A proposta de Soros centra-se na doação de 21 mil e 433 milhões de DSE, correspondentes à emissão de DSE autorizada pelo FMI em 1997 e que ainda espera por luz verde dos EUA, complementada por doações anuais de DSE, caso a primeira emissão seja aplicada com sucesso. A emissão especial proposta corresponde aproximadamente a 0,1% do PIB global, portanto a dimensão das emissões poderia aumentar, havendo mesmo necessidade de emissões regulares de DSE para financiar os países em desenvolvimento, segundo Stiglitz.

Do atrás exposto resultam valores previsionais de receitas que poderão representar fontes alternativas de financiamento para a Ajuda Internacional ao Desenvolvimento, conforme as três propostas analisadas.

Valor Previsional de cada Proposta

(em milhões de dólares)

Taxa Tobin sobre as transacções cambiais 40 000

Taxa tipo Tobin sobre as restantes transacções financeiras 40 000

Doação de Direitos de Saque Especiais 31 227





Individualmente, qualquer uma destas propostas representa entre 60 a 80 por cento da verba necessária, o que seria uma contribuição decisiva para o sucesso dos Objectivos de Desenvolvimento do Milénio, observemos que para os conjuntos de países mais pobres, o impacto da aplicação de qualquer uma destas propostas é muito significativo, pois os valores da Formação Bruta de Capital Fixo situam-se entre os 40 e os 60 mil milhões de dólares anuais para os PMA, os PPAE ou para os Países da África subsaariana o que reflecte a dificuldade que estes conjuntos de países têm em progredir.

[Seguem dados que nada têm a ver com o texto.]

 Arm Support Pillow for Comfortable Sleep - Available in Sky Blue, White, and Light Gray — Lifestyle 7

A aplicação destas propostas será um sucesso em termos do estrito cumprimento do objectivo de obtenção de receitas.

No entanto, pelo que atrás ficou exposto, parece evidente que não basta aumentar os recursos disponíveis para o auxílio aos países em desenvolvimento, sendo decisiva a forma como esses recursos são aplicados. A má governação, corrupção e o desbarato dos fundos internacionais é mais do que aparente, sendo necessária outra abordagem para garantir que o dinheiro dos contribuintes dos países ricos enviado para os países em desenvolvimento, serve os interesses daqueles que mais precisam e não acaba por regressar às praças financeiras mundiais, de maior importância (e/ou Off-Shores), fazendo o percurso de regresso tituladas por membros de elites locais corruptas que enriquecem à custa do aumento do sofrimento dos cidadãos dos seus países.

A solução ideal parece ser a existência de um governo mundial que, administre directamente a aplicação de fundos públicos globais, com a existência de uma moeda única global e de leis globais.

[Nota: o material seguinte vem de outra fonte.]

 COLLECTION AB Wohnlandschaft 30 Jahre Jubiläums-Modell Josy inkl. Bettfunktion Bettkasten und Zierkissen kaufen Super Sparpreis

Os países com mais pobreza, melhor governação, maior transparência e com um ambiente macroeconómico favorável devem ser os mais ajudados, com o objectivo de conseguir melhores resultados a curto prazo e influenciar os restantes a alterarem as suas práticas.

A forma como os fundos para o auxílio internacional ao desenvolvimento são aplicados deve constituir a preocupação primeira quando, generosamente, reflectimos sobre a melhor ideia para aumentar esses fundos, pois o aumento de fundos para o financiamento do desenvolvimento sem enormes progressos na forma como são aplicados resultaria numa oportunidade perdida, condicionadora do futuro da humanidade. O que seria imperdoável.